Governor Deval Patrick has decided to protect his cronies, to give SEIU an additional $6 million over the next ten years, and to force taxpayers to pay for these new SEIU union dues. Forced-unionism champion Gov. Patrick raised the bar for Big Labor paybacks that undoubtedly other elected officials will try to emulate to ingratiate themselves with labor union bosses.
The Boston Globe reports that “Governor Deval Patrick is quietly transferring 500 of his managers into the state public employee union, a move that will qualify them for a series of 3 percent raises and insulate them from firing when the next governor takes over.

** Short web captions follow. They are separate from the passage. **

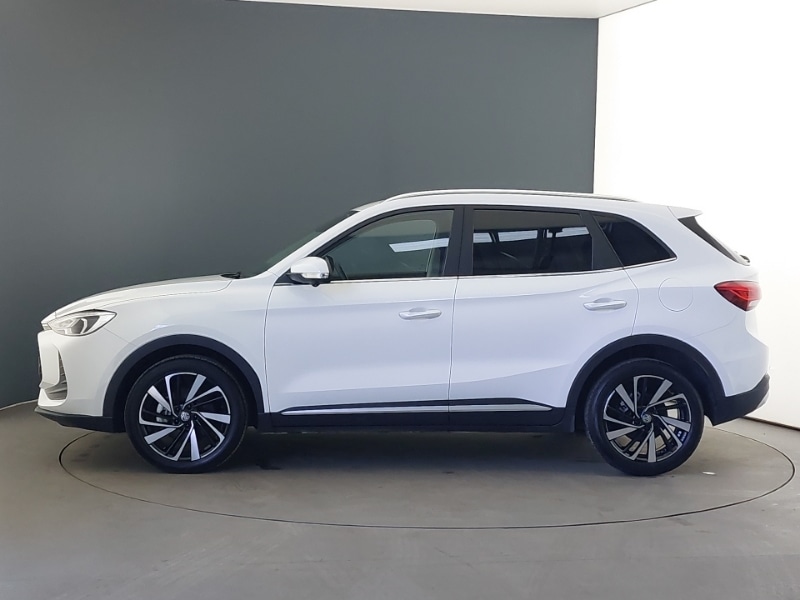 Used MG MG ZS 2024 for sale - 77573284: Photo 4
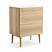 Link to Reflect, sideboard and chest of drawers by Søren Rose / Muuto.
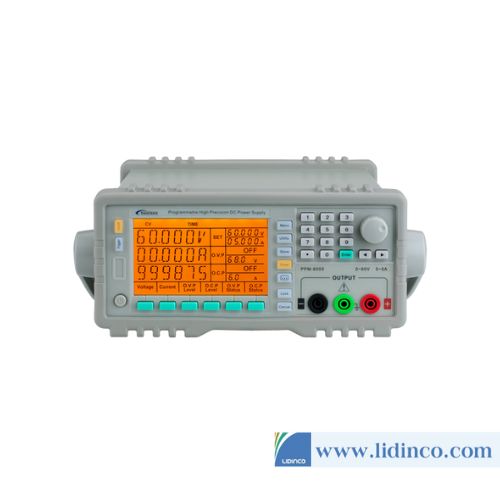 Máy hiện sóng tương tự Twintex TOS-2040FG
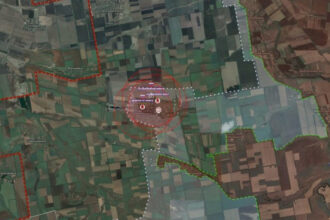 trupele rusesti ar fi capturat un sat din estul ucrainei aflat in apropierea unui zacamant de litiu 685d864c1ed3d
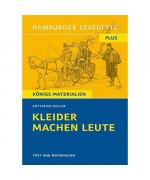 Gottfried Keller: Kleider machen Leute. Gottfried Keller: Kleider machen Leute.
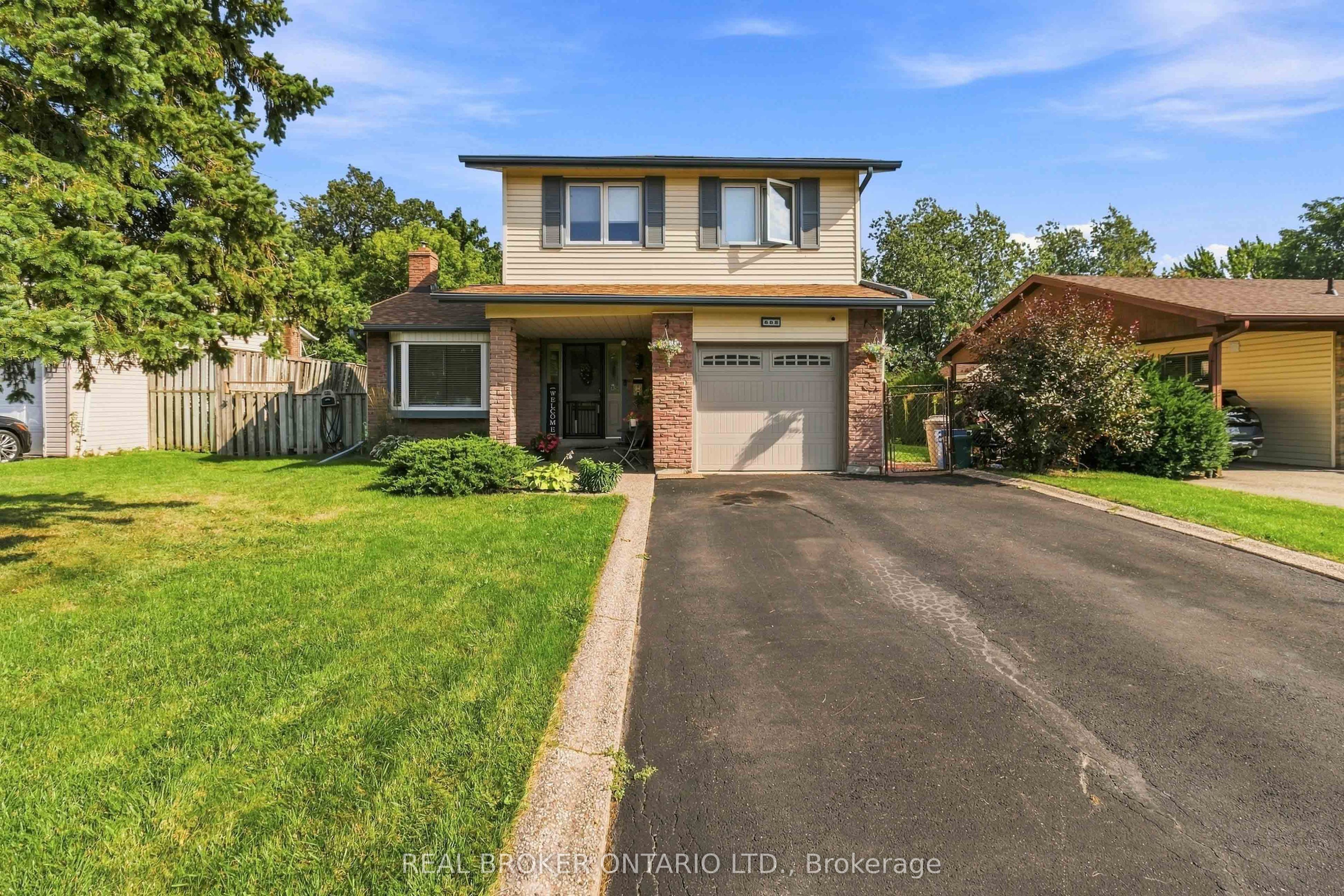 608 Woodward Avenue Property Photo 1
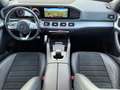 Mercedes-Benz GLE 350 de 4M AMG, DISTR., AHK, HANDS-FREE Schwarz - thumbnail 3
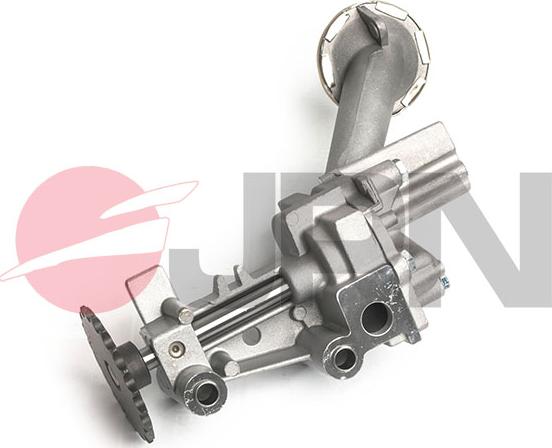 JPN 25M9033-JPN - Αντλία λαδιού parts5.com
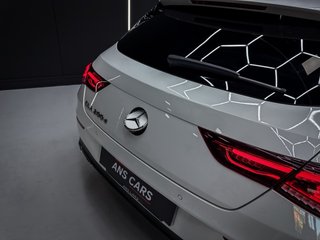 Mercedes-Benz Clase CLA AMG NIGHT SB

“The change will automatically convert 15 percent of the 3,350 executive branch managers into members of the National Association of Government Employees [(NAGE-SEIU)]…”

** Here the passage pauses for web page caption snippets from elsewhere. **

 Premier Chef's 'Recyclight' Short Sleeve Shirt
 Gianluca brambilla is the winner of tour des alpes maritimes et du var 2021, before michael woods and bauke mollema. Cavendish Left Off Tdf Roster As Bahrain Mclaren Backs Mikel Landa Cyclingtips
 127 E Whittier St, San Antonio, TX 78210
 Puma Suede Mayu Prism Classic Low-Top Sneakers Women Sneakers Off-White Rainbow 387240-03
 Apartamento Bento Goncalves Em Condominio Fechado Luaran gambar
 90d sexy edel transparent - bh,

SEIU’s website details an earlier new monopoly-bargaining contract agreement forcing almost 12,000 executive branch employees to pay NAGE-SEIU dues for next three years. Included in that agreement was a $1,700 minimum raise for each employee which should help cover the union’s forced fees.
In addition to the Duval Administration agreeing to the new June 2014 SEIU contract, Duval Patrick insulated 503 of his Executive Branch managers from replacement by a new Administration, placed them into union contracts, and qualified “them for a series of 3 percent raises.”
Allowing Government Union Bosses this much access and forced-dues power, bypasses democracy and compels taxpayers and government employees to pay for these types of Big Labor Boss insider deals.